### About this task:
From the data underneath, reproduce exactly the stretch that begins at the line with "Scattered data streams" and ends after the line with "自营johnny wasSoraya褶皱亚麻Culotte长裤以太蓝-以太蓝 美国奥".

Records from a dataset
/---
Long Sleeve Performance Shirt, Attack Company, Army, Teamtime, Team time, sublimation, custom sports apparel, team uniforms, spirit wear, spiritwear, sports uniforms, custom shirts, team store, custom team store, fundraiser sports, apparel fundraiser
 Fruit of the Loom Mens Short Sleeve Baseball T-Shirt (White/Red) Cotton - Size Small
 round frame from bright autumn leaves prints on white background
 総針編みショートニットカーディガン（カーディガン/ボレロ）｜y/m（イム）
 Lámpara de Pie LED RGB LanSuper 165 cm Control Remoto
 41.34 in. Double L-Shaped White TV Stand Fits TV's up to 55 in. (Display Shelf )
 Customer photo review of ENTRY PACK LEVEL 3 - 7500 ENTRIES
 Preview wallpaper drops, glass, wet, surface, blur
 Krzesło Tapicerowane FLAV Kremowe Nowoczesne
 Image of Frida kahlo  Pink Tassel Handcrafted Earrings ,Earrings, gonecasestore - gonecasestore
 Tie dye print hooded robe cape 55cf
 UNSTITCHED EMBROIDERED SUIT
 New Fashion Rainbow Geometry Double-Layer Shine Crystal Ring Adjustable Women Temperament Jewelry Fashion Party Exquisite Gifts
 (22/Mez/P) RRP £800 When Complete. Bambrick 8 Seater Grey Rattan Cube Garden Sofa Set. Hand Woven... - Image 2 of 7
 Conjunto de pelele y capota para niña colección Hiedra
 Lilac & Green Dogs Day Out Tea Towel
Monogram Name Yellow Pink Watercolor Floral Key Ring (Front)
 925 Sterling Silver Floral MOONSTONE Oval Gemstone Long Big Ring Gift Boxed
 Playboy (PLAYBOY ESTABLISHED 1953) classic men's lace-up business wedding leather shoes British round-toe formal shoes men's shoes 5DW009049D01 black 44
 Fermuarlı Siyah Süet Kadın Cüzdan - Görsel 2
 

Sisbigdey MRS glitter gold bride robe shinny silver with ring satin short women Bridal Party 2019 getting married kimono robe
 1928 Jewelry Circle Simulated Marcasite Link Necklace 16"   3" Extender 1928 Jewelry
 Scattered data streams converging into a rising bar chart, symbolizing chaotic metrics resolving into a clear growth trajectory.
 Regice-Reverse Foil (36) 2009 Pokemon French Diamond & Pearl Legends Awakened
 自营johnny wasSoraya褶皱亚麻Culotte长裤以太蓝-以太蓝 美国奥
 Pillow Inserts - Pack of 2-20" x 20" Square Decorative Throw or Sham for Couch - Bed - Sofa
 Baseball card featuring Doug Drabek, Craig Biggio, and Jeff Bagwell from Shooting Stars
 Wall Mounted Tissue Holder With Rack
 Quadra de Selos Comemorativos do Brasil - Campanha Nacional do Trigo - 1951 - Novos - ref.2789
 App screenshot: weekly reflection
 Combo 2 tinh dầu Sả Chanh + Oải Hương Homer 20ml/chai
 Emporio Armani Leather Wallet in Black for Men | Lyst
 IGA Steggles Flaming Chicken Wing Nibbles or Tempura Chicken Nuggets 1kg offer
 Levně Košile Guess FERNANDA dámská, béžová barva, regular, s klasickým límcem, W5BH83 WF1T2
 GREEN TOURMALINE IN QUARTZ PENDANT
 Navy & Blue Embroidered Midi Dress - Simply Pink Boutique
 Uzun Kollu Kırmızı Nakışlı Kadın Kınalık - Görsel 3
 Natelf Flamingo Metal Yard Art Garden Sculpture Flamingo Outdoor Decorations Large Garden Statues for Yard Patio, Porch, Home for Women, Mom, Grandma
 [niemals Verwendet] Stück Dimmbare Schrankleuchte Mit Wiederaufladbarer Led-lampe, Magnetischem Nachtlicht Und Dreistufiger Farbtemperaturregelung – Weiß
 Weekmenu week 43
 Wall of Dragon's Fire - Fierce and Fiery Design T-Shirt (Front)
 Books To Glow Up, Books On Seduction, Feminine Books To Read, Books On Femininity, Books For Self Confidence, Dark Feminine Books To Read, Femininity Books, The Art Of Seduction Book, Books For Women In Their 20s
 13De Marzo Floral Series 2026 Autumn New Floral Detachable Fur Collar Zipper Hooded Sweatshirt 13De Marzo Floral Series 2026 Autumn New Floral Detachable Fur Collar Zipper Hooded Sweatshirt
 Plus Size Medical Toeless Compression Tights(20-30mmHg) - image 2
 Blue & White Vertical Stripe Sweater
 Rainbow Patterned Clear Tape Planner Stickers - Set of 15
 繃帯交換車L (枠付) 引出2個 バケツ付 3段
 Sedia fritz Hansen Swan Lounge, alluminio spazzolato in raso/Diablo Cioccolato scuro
\---
### Reply:
 Scattered data streams converging into a rising bar chart, symbolizing chaotic metrics resolving into a clear growth trajectory.
 Regice-Reverse Foil (36) 2009 Pokemon French Diamond & Pearl Legends Awakened
 自营johnny wasSoraya褶皱亚麻Culotte长裤以太蓝-以太蓝 美国奥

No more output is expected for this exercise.